• _Collected material_:
----

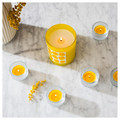 SVARTOXBÄR Scented candle in glass, Mimosa/yellow, 45 hr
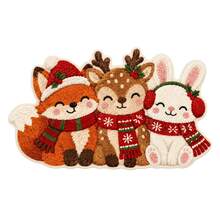 1pc Christmas Fox Deer Rabbit Shaped Doormat, Christmas Hat Scarf Welcome Mat, Carpet, Floor Mat, Christmas Rug, Bedroom Rug, Area Rug - Multicolor - View 5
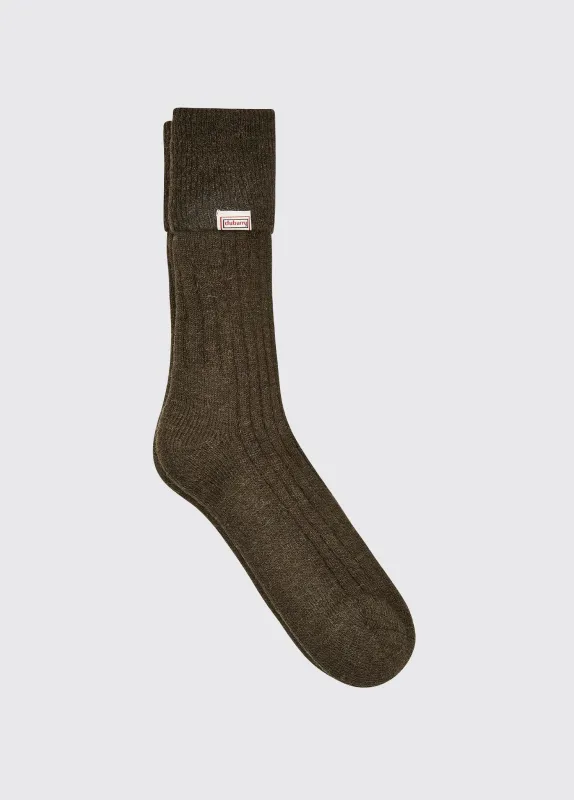 Holycross Ladies Alpaca Socks - Olive sold by Dubarry of Ireland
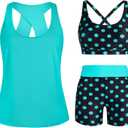 HUSKARY 3 Piece Tankini Swimsuits for Women Swim Tank Top with Bra and High Waist Boy Shorts with Pockets (Medium, Lake Green Polka Dots)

----

• _Task to complete_: This task calls for the lines from the line holding "Holycross Ladies Alpaca" through the last line above, restated word for word with both ends included and the pictures dropped.

• _Solution for this task_:
 Holycross Ladies Alpaca Socks - Olive sold by Dubarry of Ireland
 HUSKARY 3 Piece Tankini Swimsuits for Women Swim Tank Top with Bra and High Waist Boy Shorts with Pockets (Medium, Lake Green Polka Dots)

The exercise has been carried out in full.